- [EXERCISE BRIEF]:
Write out the data exactly as given, dropping every picture.

- [DATASET EXCERPT]:
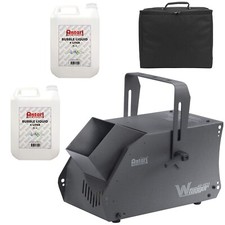 Antari Master W-101 Bubble Machine Wireless Remote Control w Fluid  Case Pack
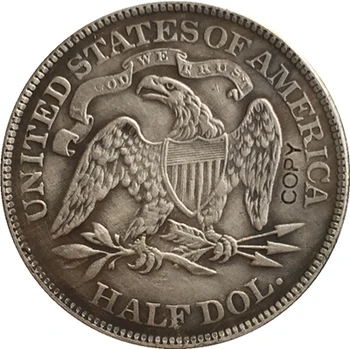 STATELE UNITE ALE AMERICII 1868 P,S A AȘEZAT LIBERTATE JUMĂTATE DE DOLARI COPIA MONEDE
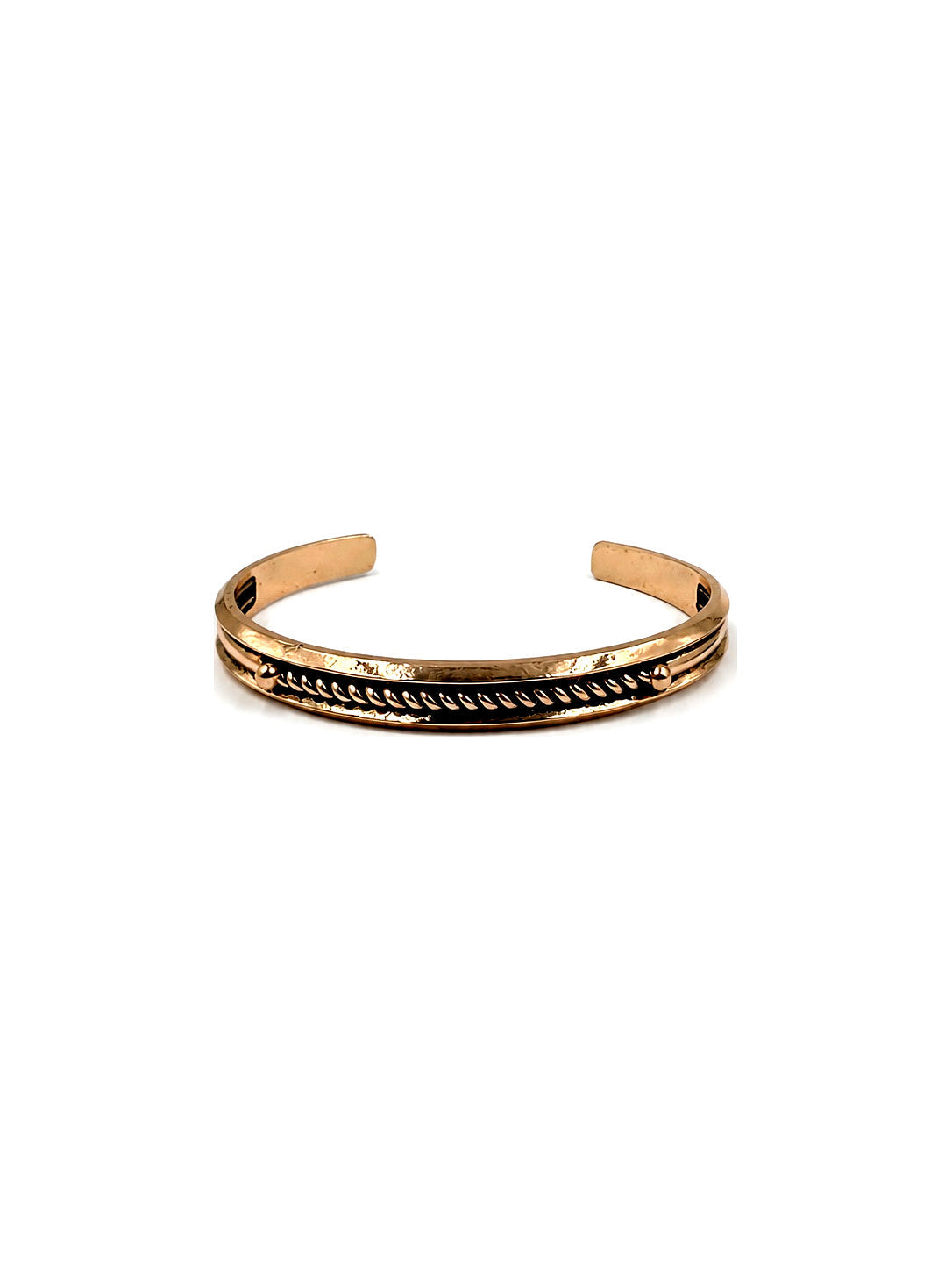 Western Twisted Rope Cuff Bracelet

- [ANSWER TO THIS TASK]:
 Antari Master W-101 Bubble Machine Wireless Remote Control w Fluid  Case Pack
 STATELE UNITE ALE AMERICII 1868 P,S A AȘEZAT LIBERTATE JUMĂTATE DE DOLARI COPIA MONEDE
 Western Twisted Rope Cuff Bracelet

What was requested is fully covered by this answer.